A recent study reveals that Canadian restaurants are facing challenges as diners opt for fewer dining-out experiences, while escalating operational expenses put a strain on profit margins.
According to Mark von Schellwitz, Restaurants Canada’s Vice President for Western Canada, a significant 75% of Canadians are cutting back on dining out, with the figure rising to 81% among individuals under 25 years old. This shift in behavior is impacting the frequency of restaurant visits.
The study indicates that over 40% of restaurants are either operating at a financial loss or merely breaking even as of June 2025. Additionally, there has been a notable 41% decrease in alcohol orders at restaurants, raising concerns within the industry.
Restaurants are grappling with the need to adjust their strategies to cope with rising operational costs.
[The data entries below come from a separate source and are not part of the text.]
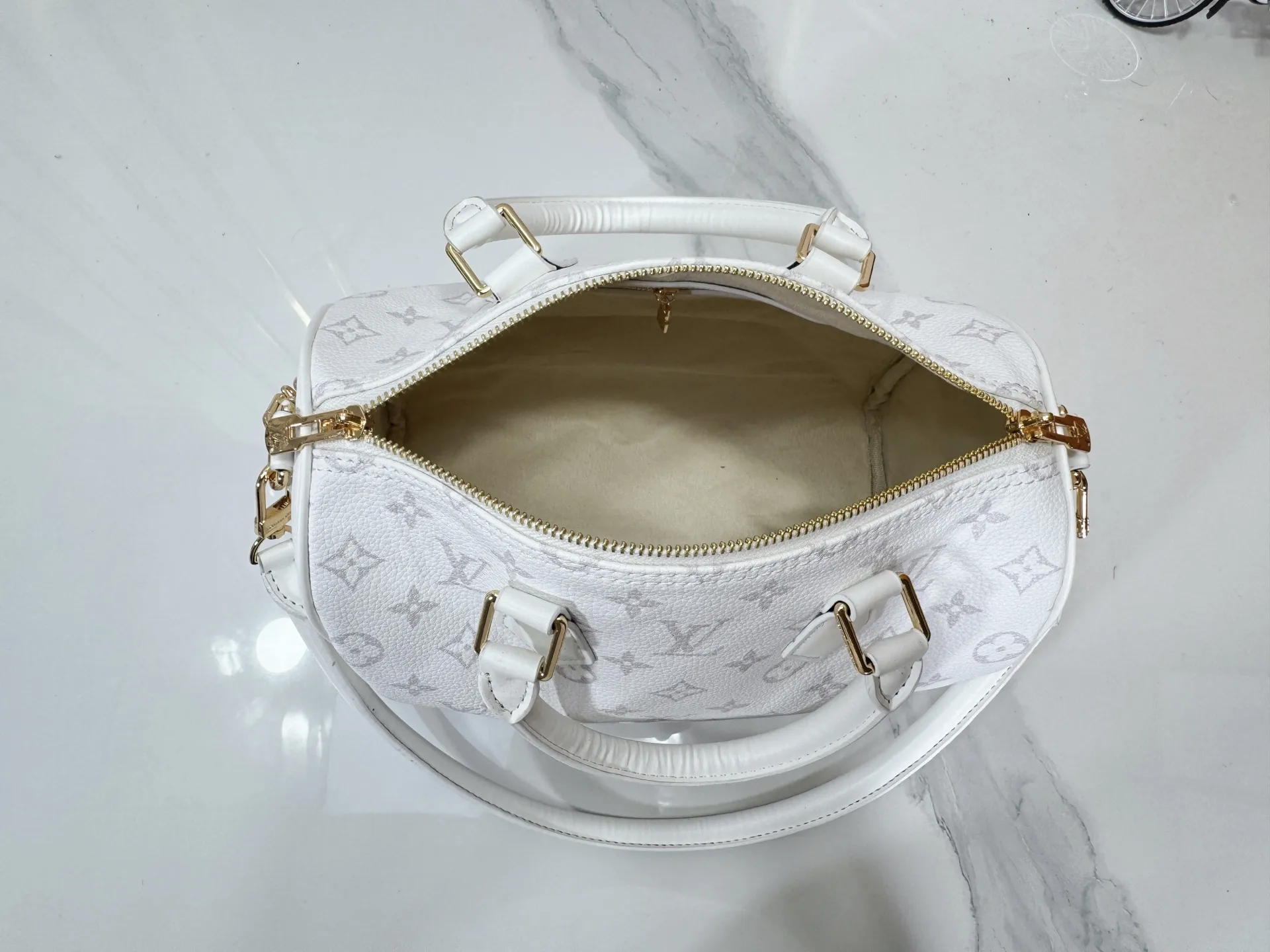 P260 Upgraded original M47186 M11323 M40390 This Speedy Soft 25 handbag renews the classic design of the Speedy handbag, using Monogram Empreinte leather and suede cowhide lining to create a light and soft structure. Whether carried by hand, cross-body or shoulder, you can create a trendy look. Dimensions: 25x19x15 cm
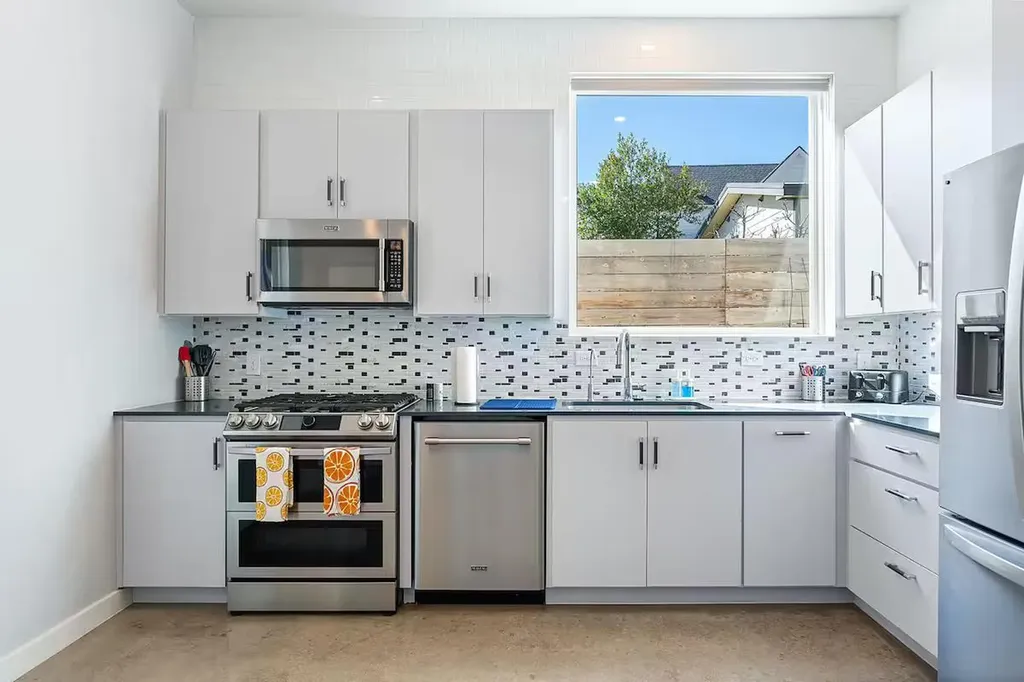 4314 Jinx Avenue Austin TX 78745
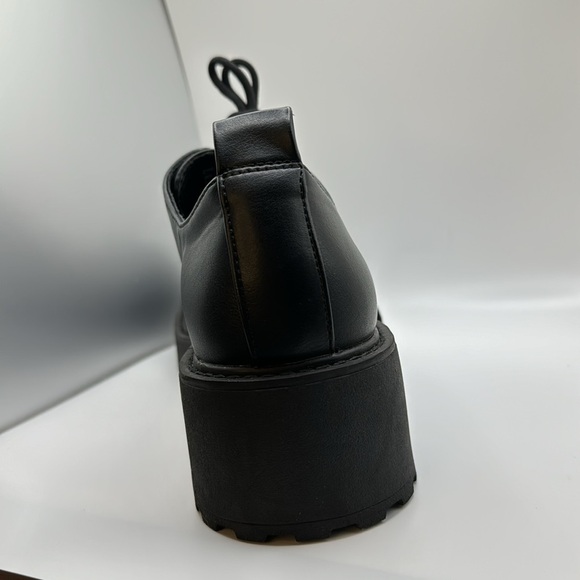 BLACK OXFORD SZ 9 Madden Girl brand new chunky heels four laces closed in shoes - Picture 5 of 11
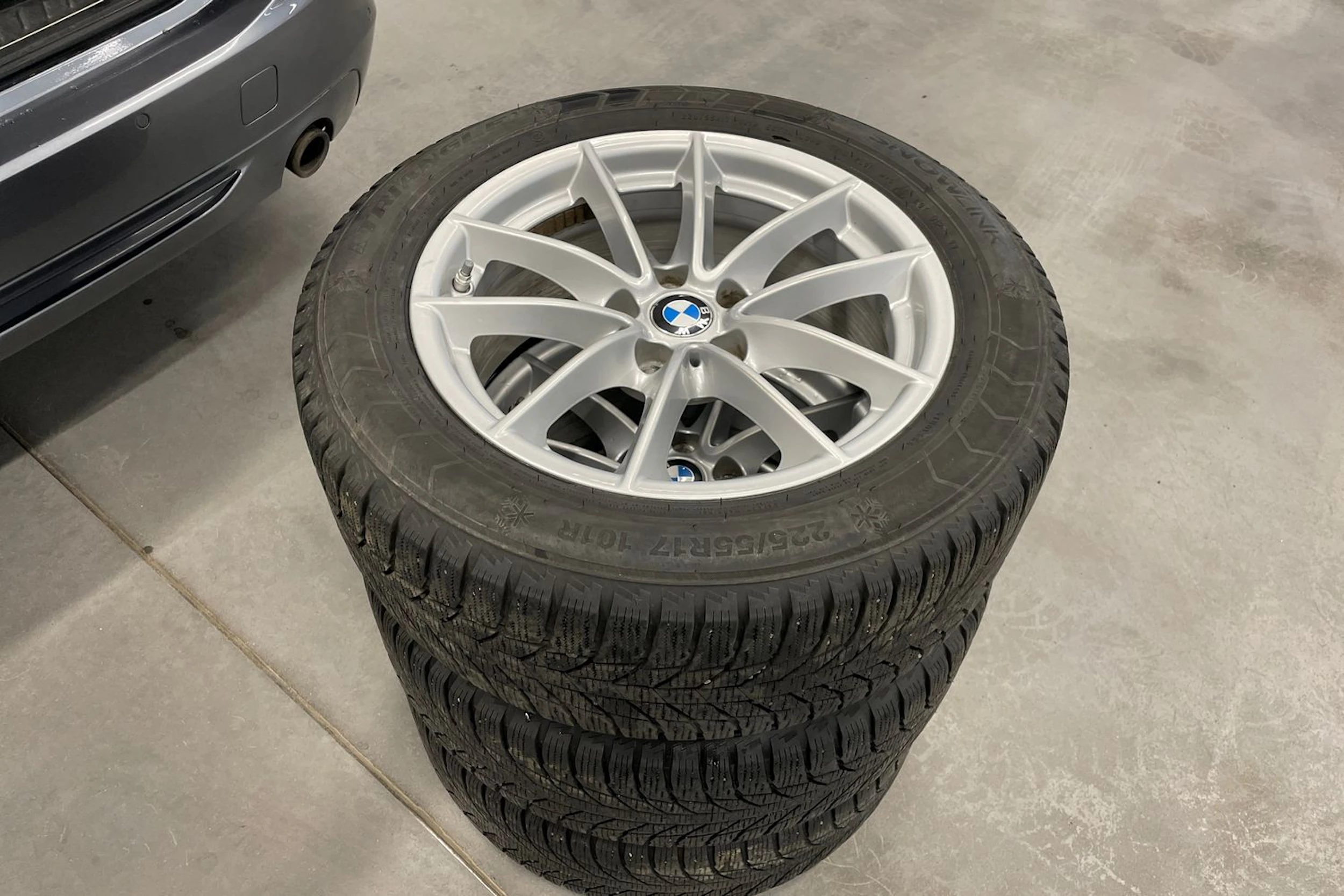 sininen BMW 520 2018 kuva 10.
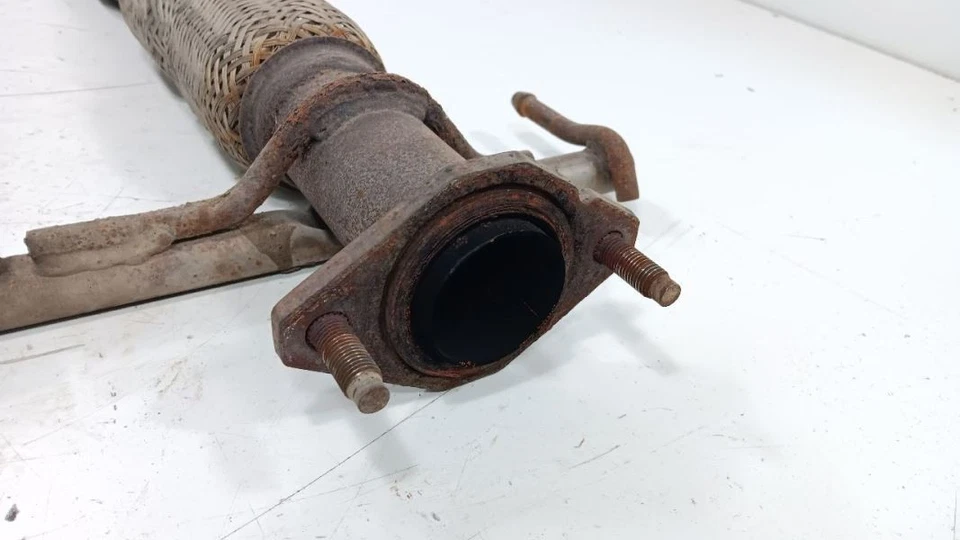 Tubo de escape cruzado Mazda CX-9 2012 2011 2010 Foto 2 de 4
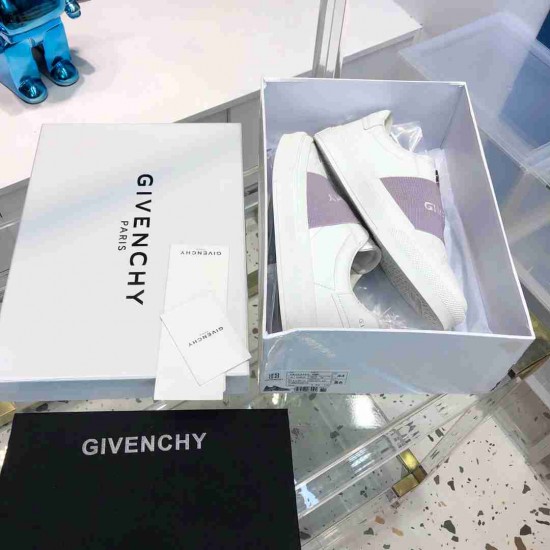 Givenchy  Sneakers GI0047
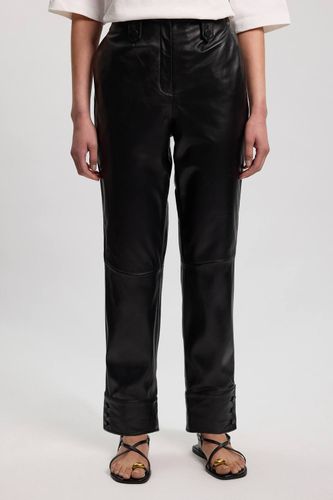 Pantalon Droit En Cuir Avec Détail Boutonné | Taille 18 - KarenMillen - Modalova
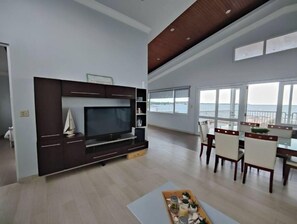 Dining - Villa en la Orilla de la Playa con Muelle! (Cabo Rojo)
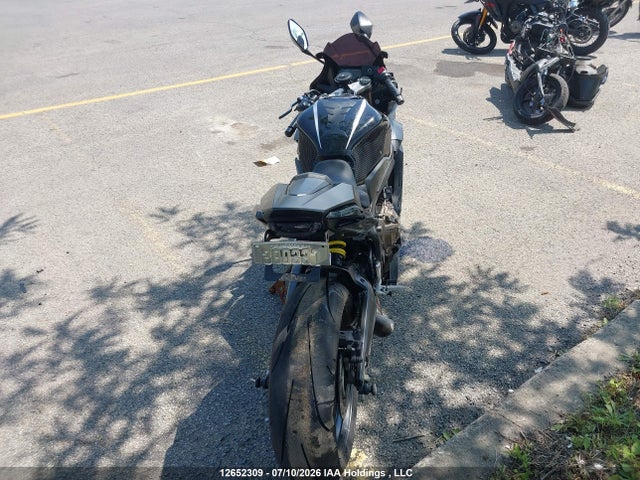 12652309 :رقم المزاد ، MLHRH0161M5200104 vin ، 2021 Honda Cbr650 Ra مزاد بيع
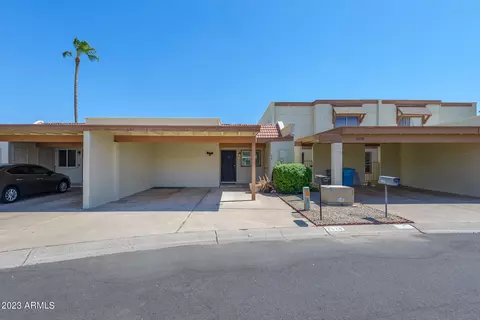 2526 W Eugie Ave, Phoenix, AZ 85029 photo 2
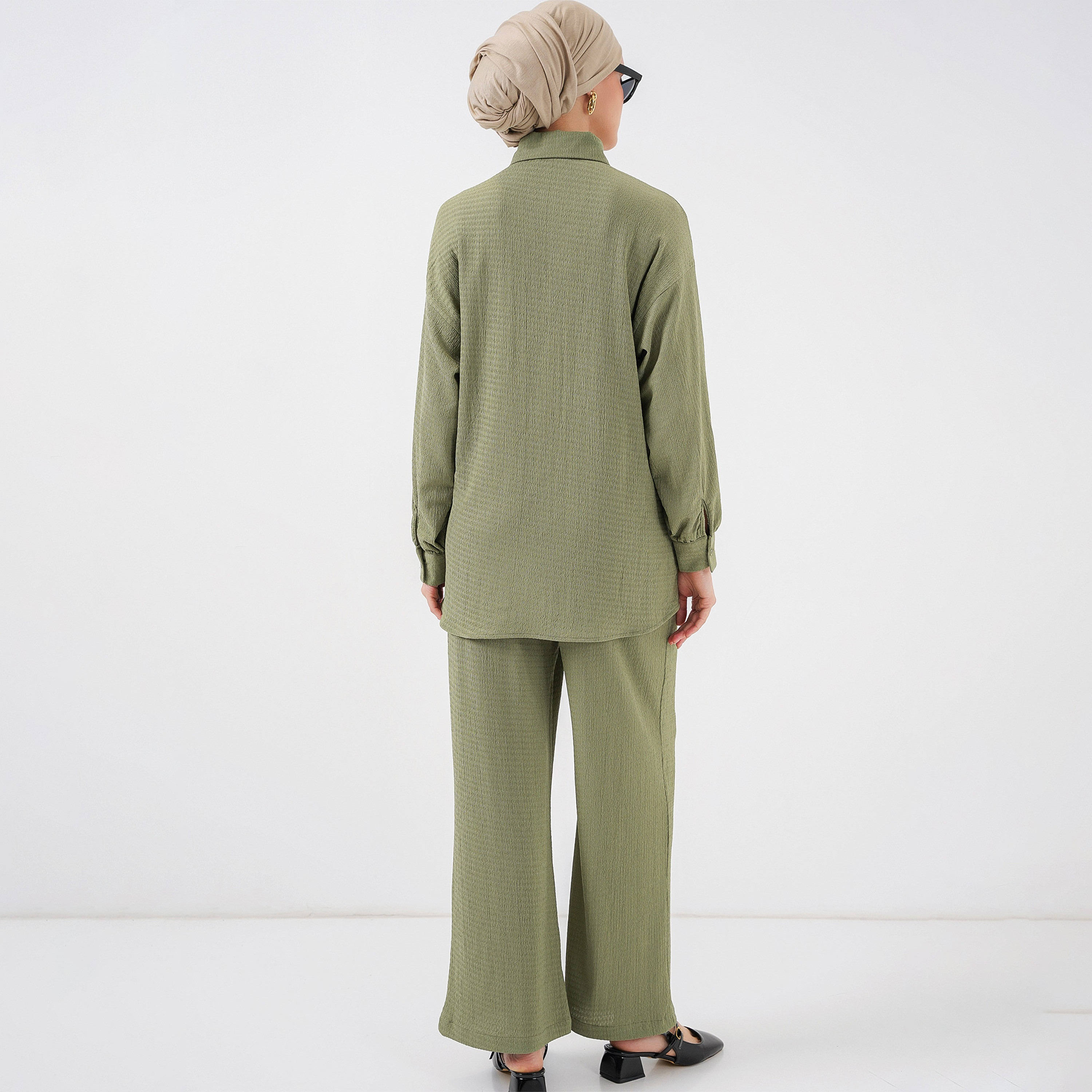 طقم نسائي بنسيج مزخرف، تونيك بأكمام منسدلة وسروال من بيجدارت-women-clothing-coordsets-image-5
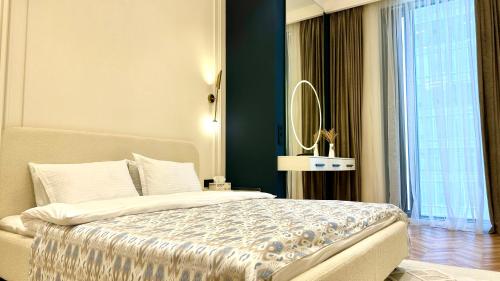 Ένα ή περισσότερα κρεβάτια σε δωμάτιο στο Tashkent City Downtown Deluxe Host Apartments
Measures such as price increases, staff reductions, menu alterations, and revised operating hours are being implemented to navigate these challenges.
Conversations on the street reflect a trend of individuals curbing their dining-out habits due to the high cost of living, opting to save money by eating at home.
Despite these challenges, there are some positive trends noted in the report, such as an approximately 8% rise in lunchtime foot traffic and an uptick in domestic tourism, which could translate to increased dinner reservations.
In efforts to attract more patrons, restaurant managers like Diana Navarro from Sabina Mexican Food in downtown Vancouver are devising creative strategies. This includes offering student discounts, hosting themed events like karaoke nights, and featuring discounted “happy hour” menus during slower periods to entice customers, particularly office workers in the vicinity.